Auxiliary Task Update Decomposition: The Good, The Bad and The Neutral
Lucio M. Dery, Yann Dauphin, David Grangier

TL;DR
This paper introduces a model-agnostic framework for decomposing auxiliary task gradients into helpful, harmful, or neutral directions, enabling more effective multitask learning especially with out-of-distribution data.
Contribution
It proposes a novel, scalable algorithm for fine-grained gradient manipulation that improves multitask learning by selectively weighting auxiliary task updates.
Findings
Outperforms strong baselines on text and image classification tasks.
Effectively leverages out-of-distribution data.
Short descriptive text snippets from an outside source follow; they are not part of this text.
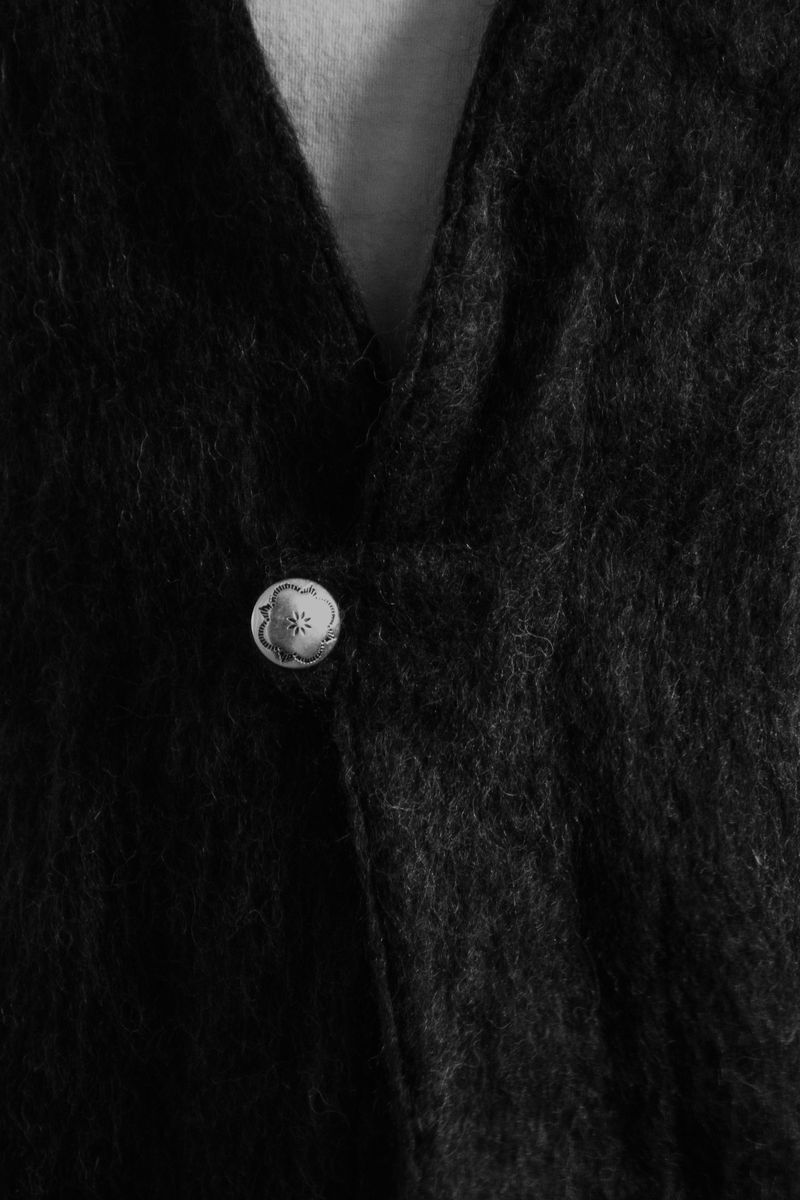 Closeup of a dark wool garment with a delicate silver button. The monochromatic palette emphasizes the textural qualities of the fabric and the crafted detail of the metallic closure. by Sydney SG
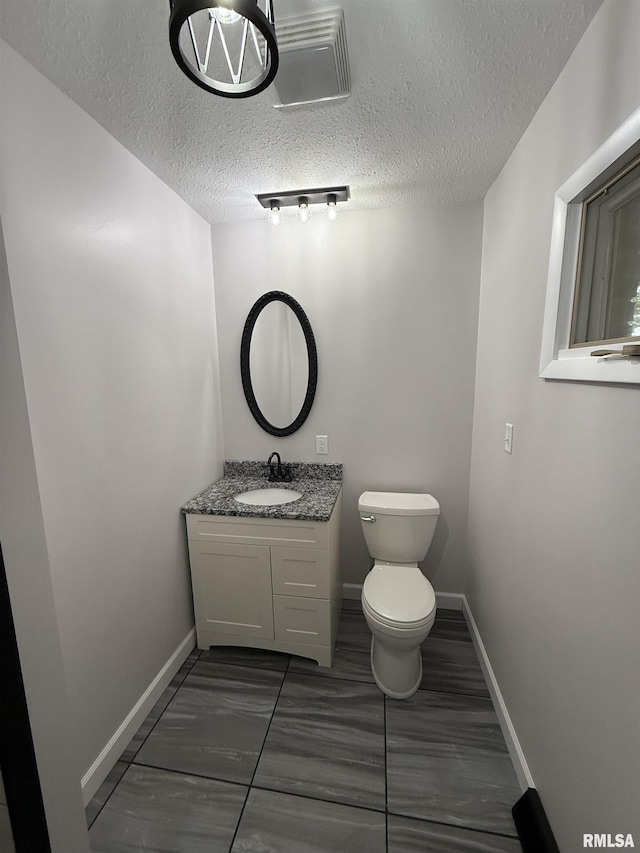 1352 N Lawrence Ave, Taylorville, IL 62568 - half bath with toilet, vanity, a textured ceiling, and baseboards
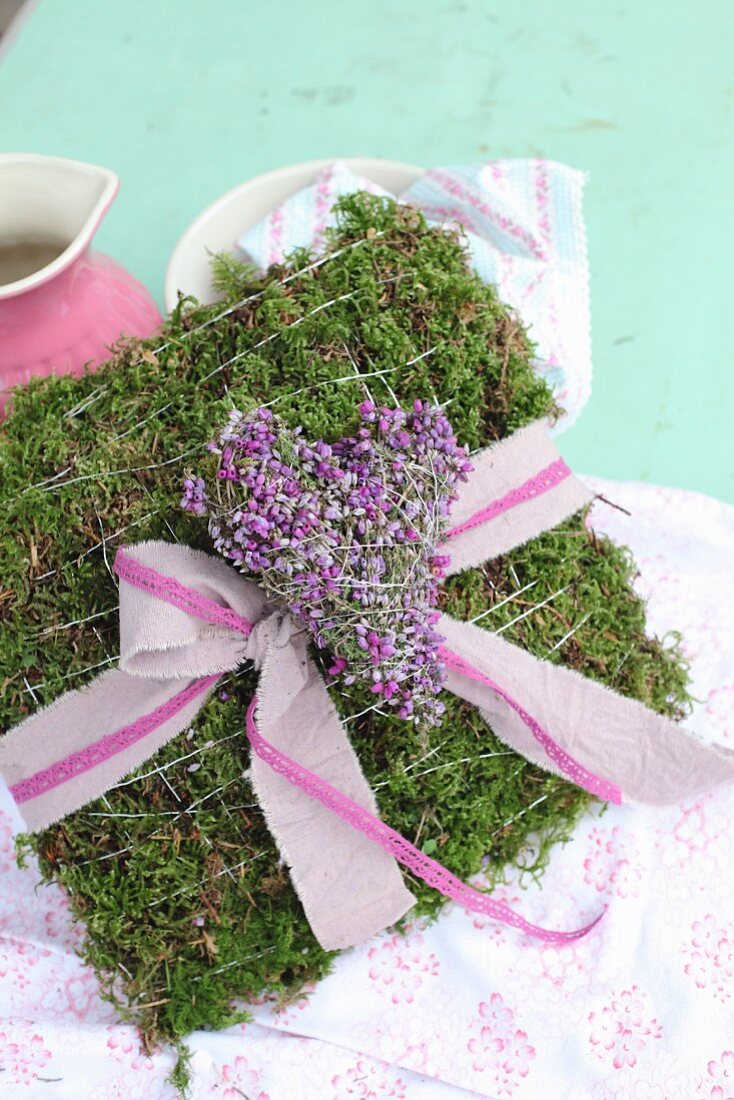 Pink ribbon and heather love-heart on romantic moss cushion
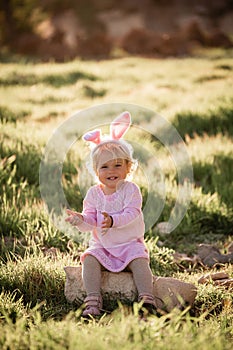 Baby girl wears rabbit ears, sitting in grass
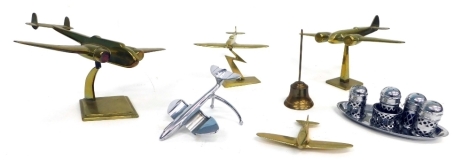 A brass model of a Spitfire, on lightening strike stand, 13cm high, another Spitfire model, lacking stand and two brass models of light WWII bombers, and another model plane, (5).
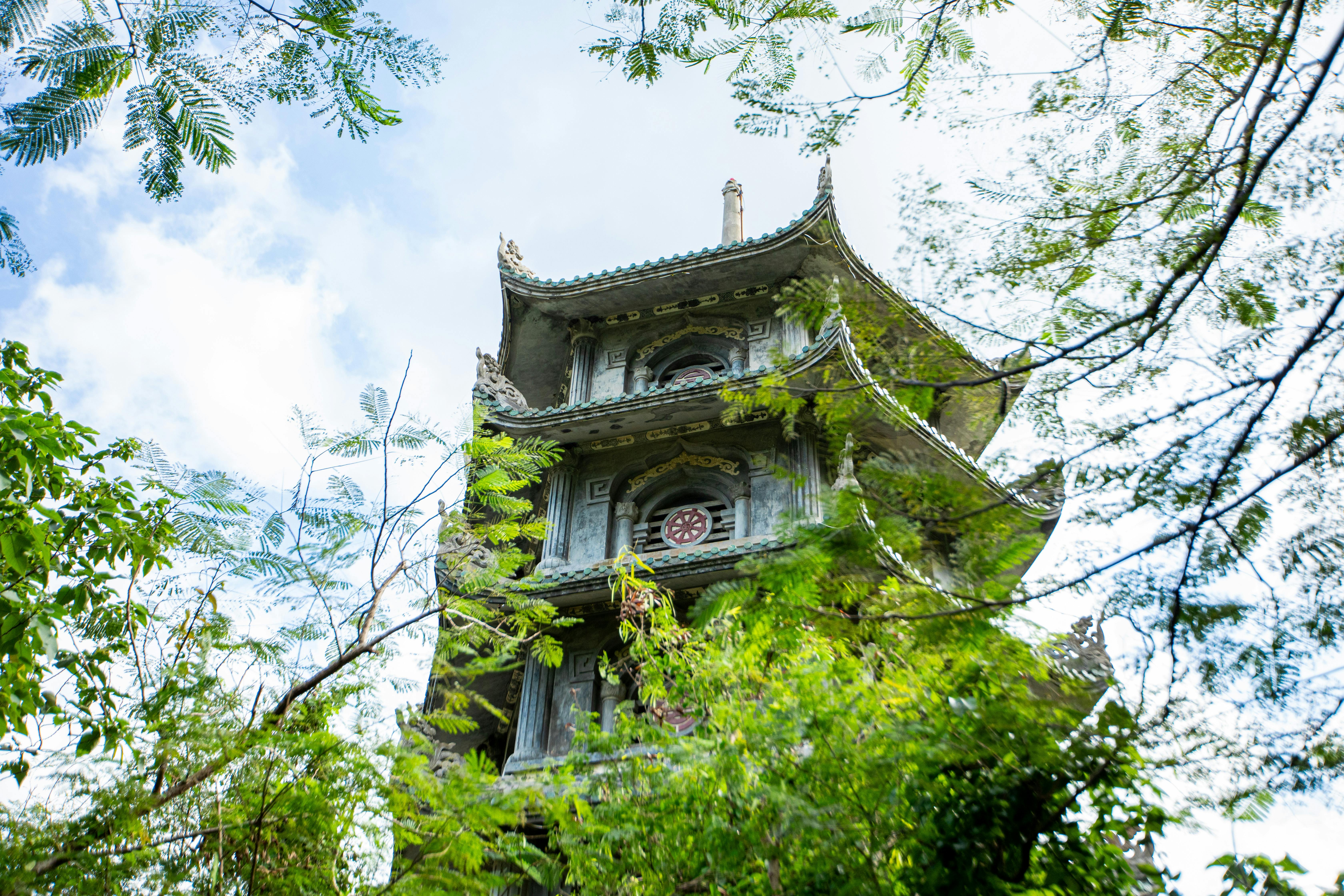 Free Ancient pagoda surrounded by lush greenery in Marble Mountains, Da Nang, Vietnam. Stock Photo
Provides a generic framework encompassing prior methods.
Abstract
While deep learning has been very beneficial in data-rich settings, tasks with smaller training set often resort to pre-training or multitask learning to leverage data from other tasks. In this case, careful consideration is needed to select tasks and model parameterizations such that updates from the auxiliary tasks actually help the primary task. We seek to alleviate this burden by formulating a model-agnostic framework that performs fine-grained manipulation of the auxiliary task gradients. We propose to decompose auxiliary updates into directions which help, damage or leave the primary task loss unchanged. This allows weighting the update directions differently depending on their impact on the problem of interest. We present a novel and efficient algorithm for that purpose and show its advantage in practice. Our method leverages efficient automatic differentiation procedures and…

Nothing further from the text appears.